# Records shown:
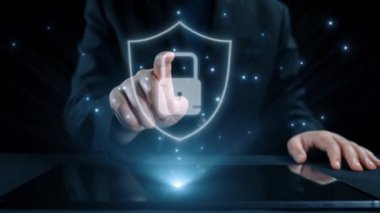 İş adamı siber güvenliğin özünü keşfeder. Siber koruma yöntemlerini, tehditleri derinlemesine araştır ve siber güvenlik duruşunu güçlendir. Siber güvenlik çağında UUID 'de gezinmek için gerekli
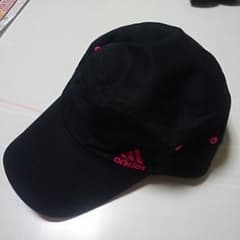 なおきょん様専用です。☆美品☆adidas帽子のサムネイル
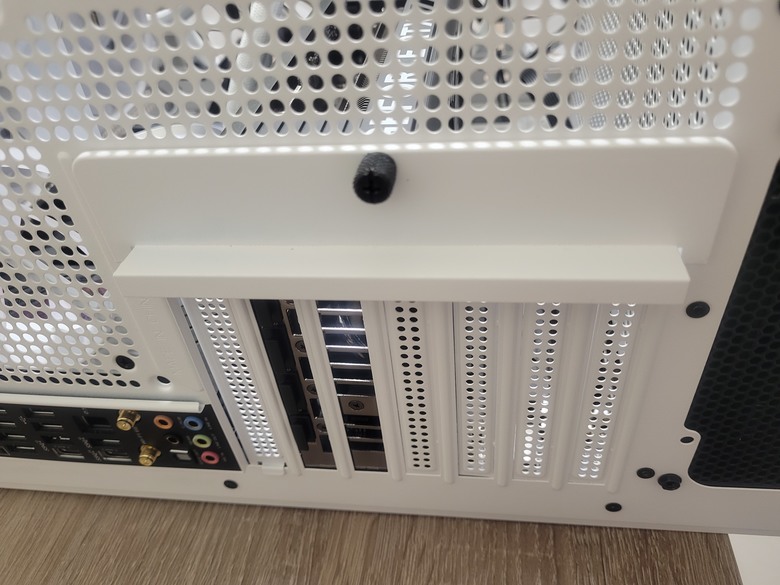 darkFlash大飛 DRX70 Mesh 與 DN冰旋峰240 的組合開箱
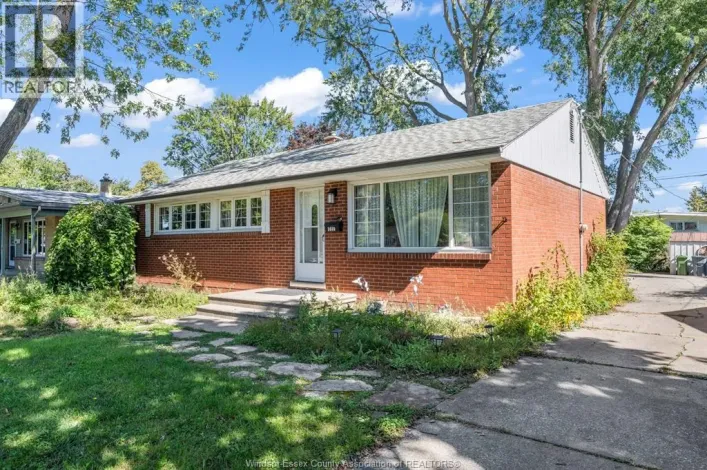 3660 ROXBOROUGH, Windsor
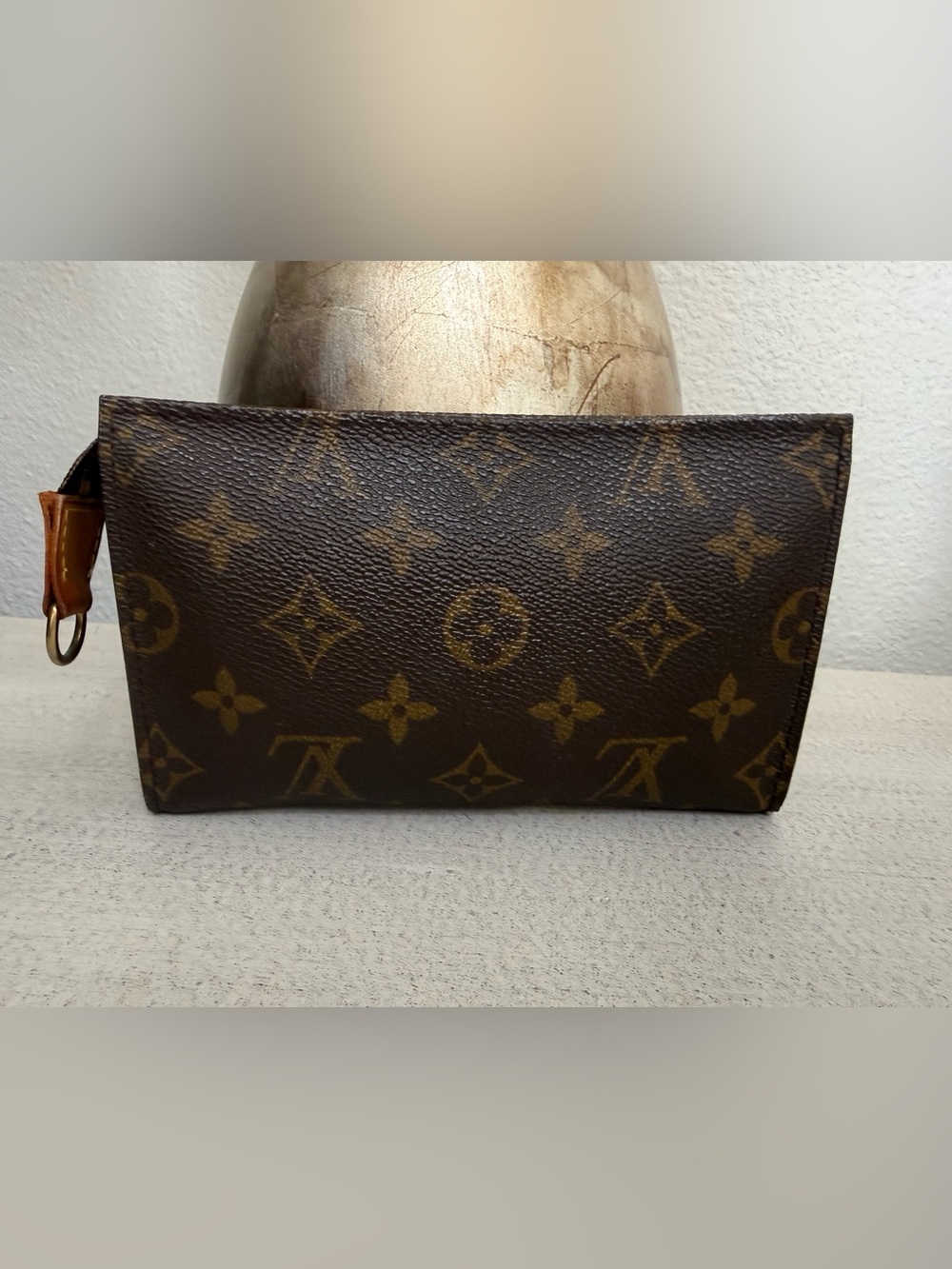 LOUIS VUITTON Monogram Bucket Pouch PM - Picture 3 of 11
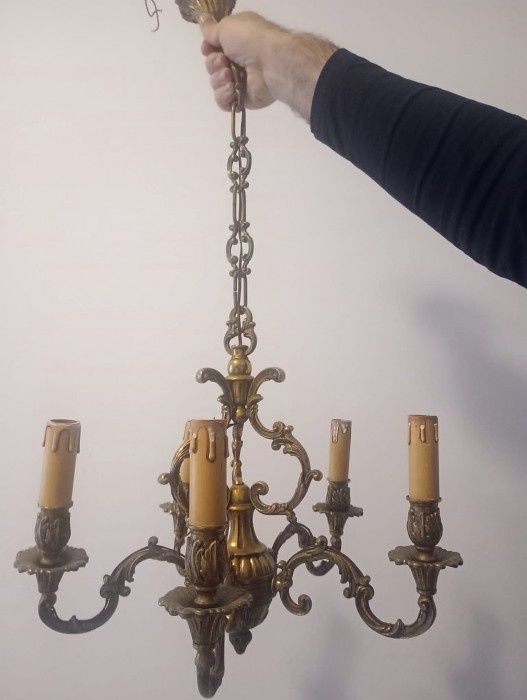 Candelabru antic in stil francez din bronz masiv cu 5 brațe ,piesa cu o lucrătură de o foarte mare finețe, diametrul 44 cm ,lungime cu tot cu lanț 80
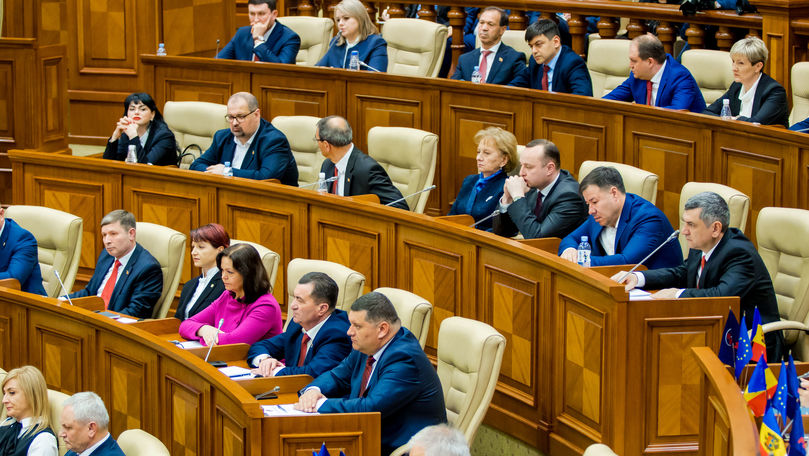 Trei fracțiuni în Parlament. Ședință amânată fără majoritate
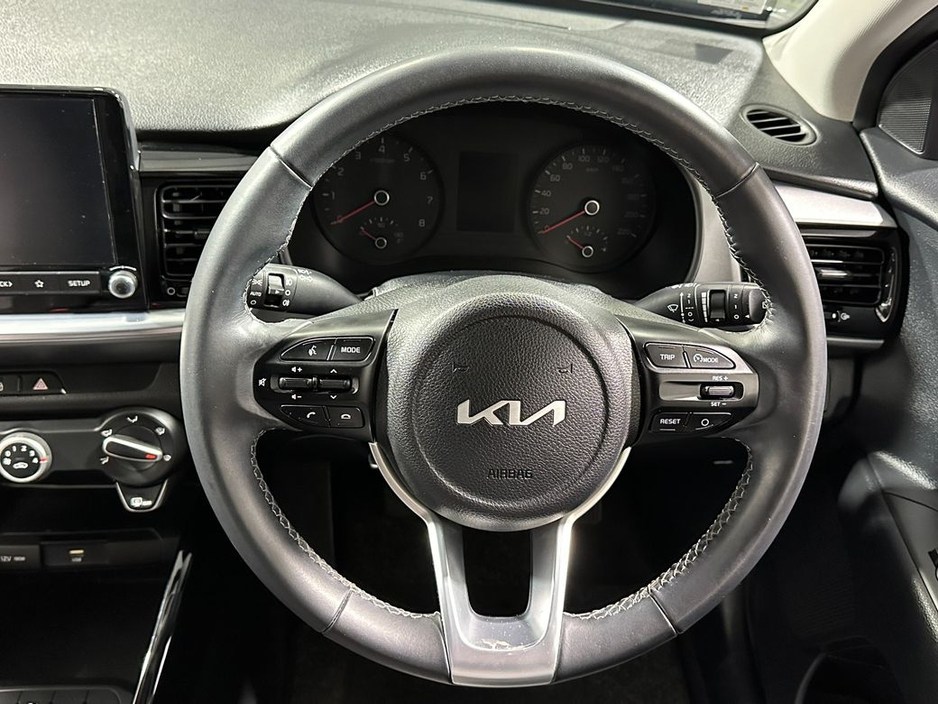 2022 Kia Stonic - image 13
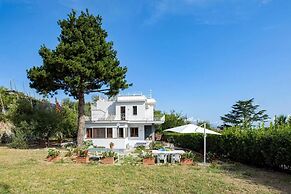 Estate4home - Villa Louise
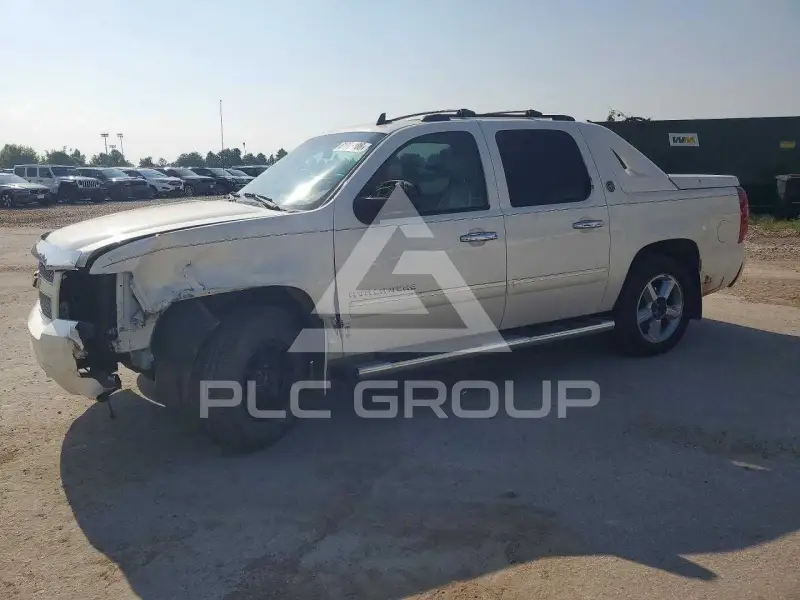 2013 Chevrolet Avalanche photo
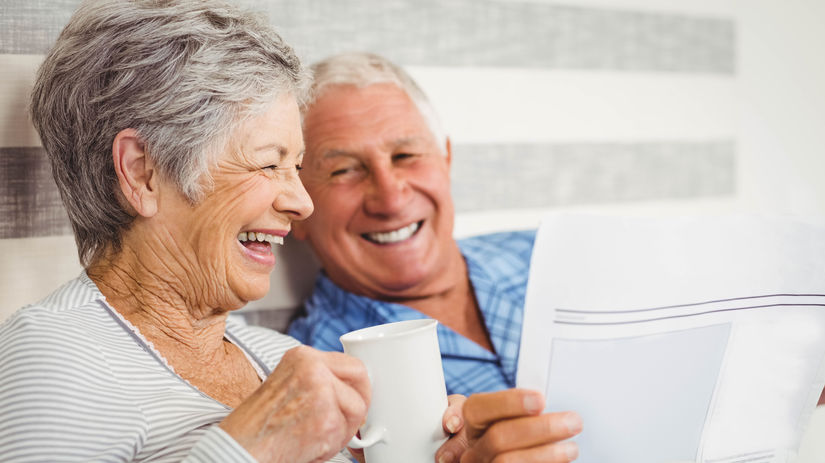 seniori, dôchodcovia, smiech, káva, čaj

# About this exercise:
Your answer should consist of the lines above between those holding "darkFlash大飛 DRX70 Mesh 與 DN冰旋峰240 的組合開箱" and "Candelabru antic in", inclusive, reproduced word for word and without pictures.

# Response area:
 darkFlash大飛 DRX70 Mesh 與 DN冰旋峰240 的組合開箱
 3660 ROXBOROUGH, Windsor
 LOUIS VUITTON Monogram Bucket Pouch PM - Picture 3 of 11
 Candelabru antic in stil francez din bronz masiv cu 5 brațe ,piesa cu o lucrătură de o foarte mare finețe, diametrul 44 cm ,lungime cu tot cu lanț 80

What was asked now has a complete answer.